### ASSIGNED TASK
Verbatim copy without images: return all of the data as it stands.

### RECORD SET
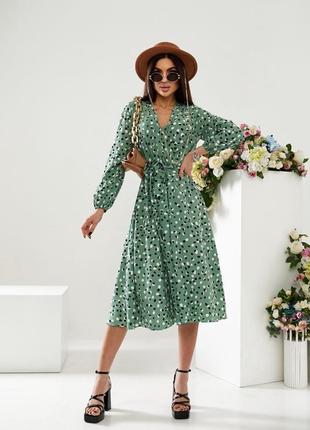 Жіноча сукня міді на запах зелена с поясом в горошок весна літо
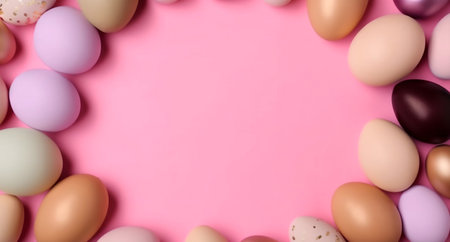 Easter eggs on pink background. Top view with copy space.の素材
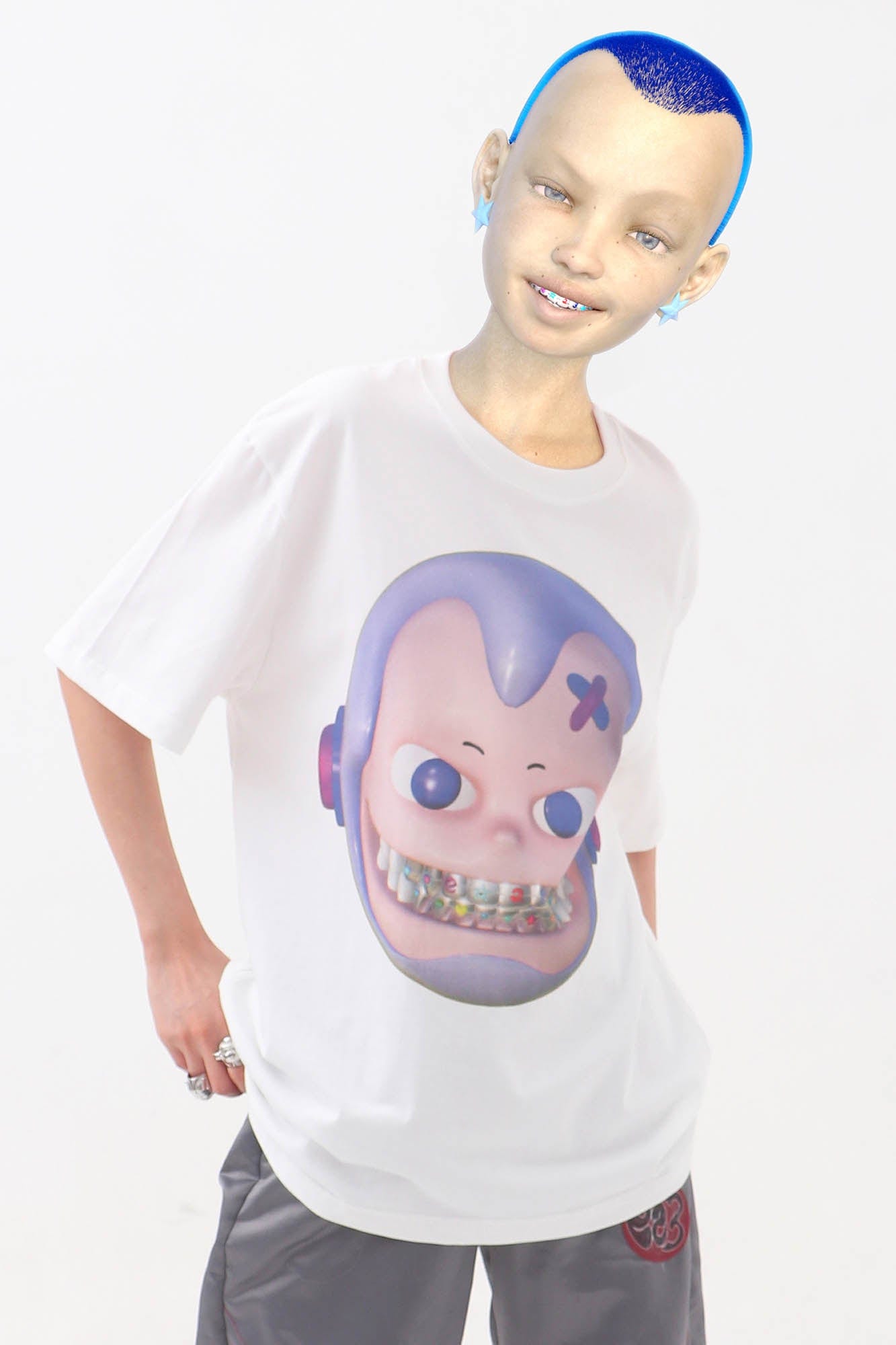 EMBRYO The Face Graphic T-Shirt White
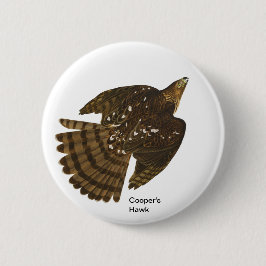 Cooper's Hawk van John James Audubon, Hawk Bird Ronde Button 5,7 Cm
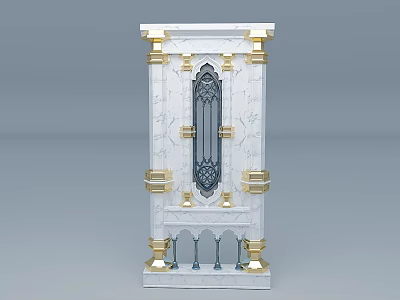 Ornate Classical Building Exterior Wall With White Marble Gold Accents And Decorative Glass Panel 3d model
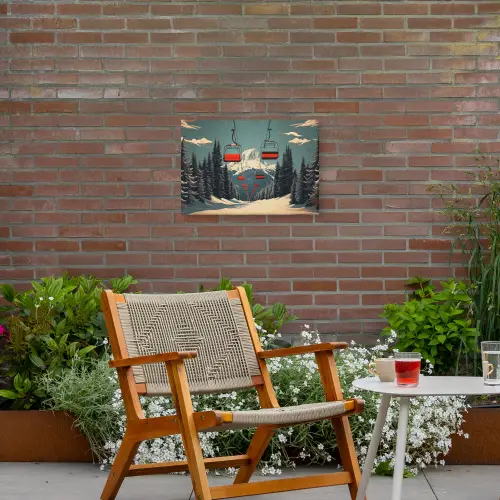 Sneeuw - Skilift - Rood - Bomen Tuinposter op houten frame 2 cm dik klein -sfeer3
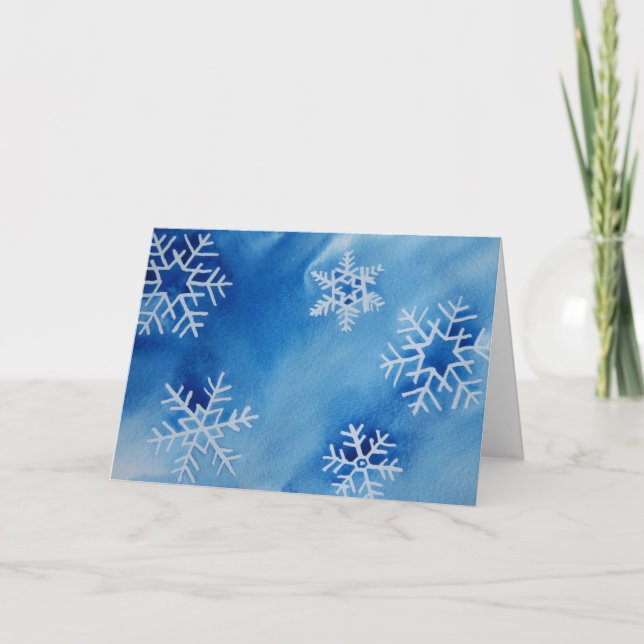 Cartes Pour Fêtes Annuelles Flocons de neige (Devant)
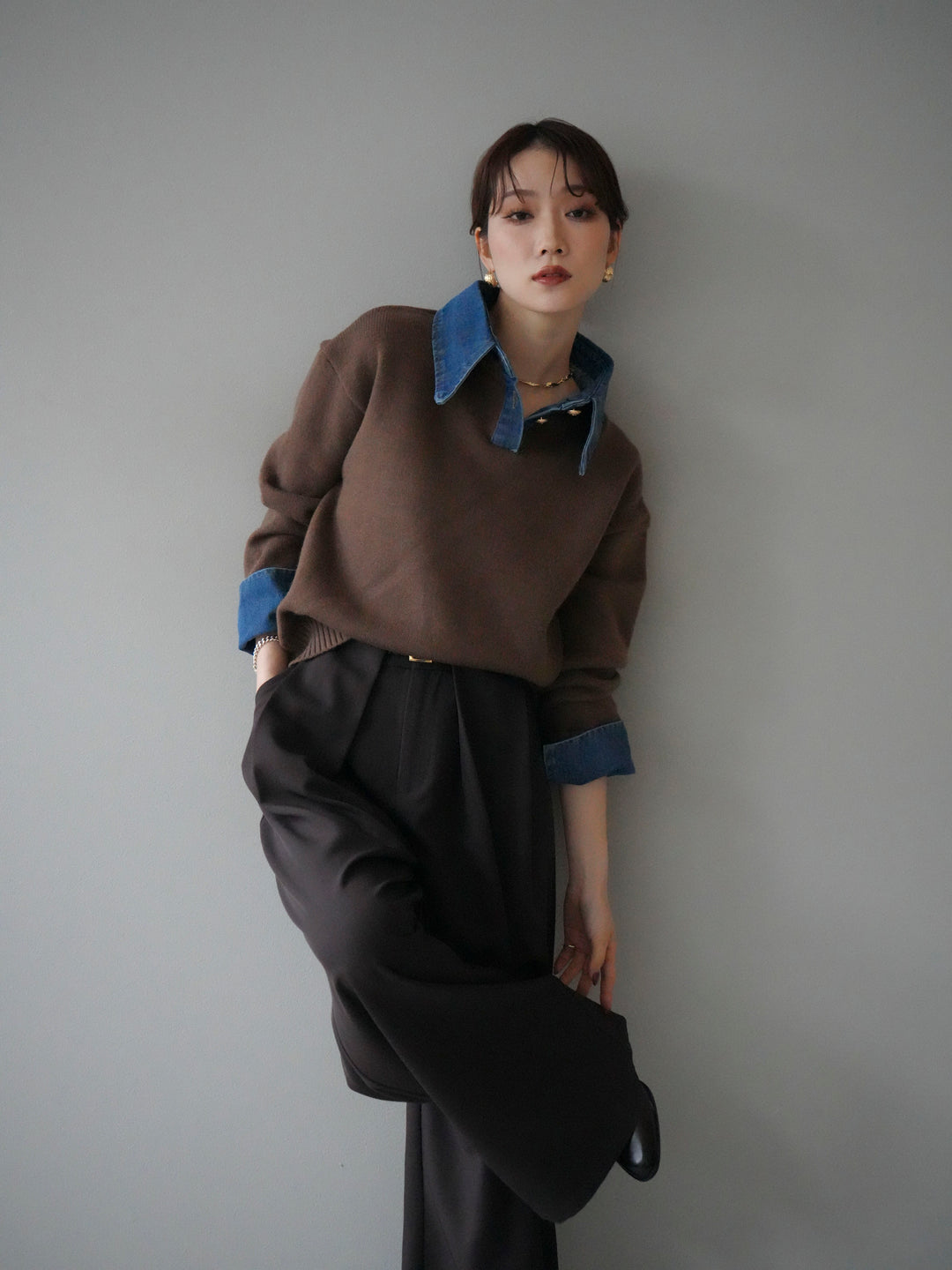 【預購】牛仔領polo針織套頭衫/棕色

### PROBLEM SOLUTION
 Жіноча сукня міді на запах зелена с поясом в горошок весна літо
 Easter eggs on pink background. Top view with copy space.の素材
 EMBRYO The Face Graphic T-Shirt White
 Cooper's Hawk van John James Audubon, Hawk Bird Ronde Button 5,7 Cm
 Ornate Classical Building Exterior Wall With White Marble Gold Accents And Decorative Glass Panel 3d model
 Sneeuw - Skilift - Rood - Bomen Tuinposter op houten frame 2 cm dik klein -sfeer3
 Cartes Pour Fêtes Annuelles Flocons de neige (Devant)
 【預購】牛仔領polo針織套頭衫/棕色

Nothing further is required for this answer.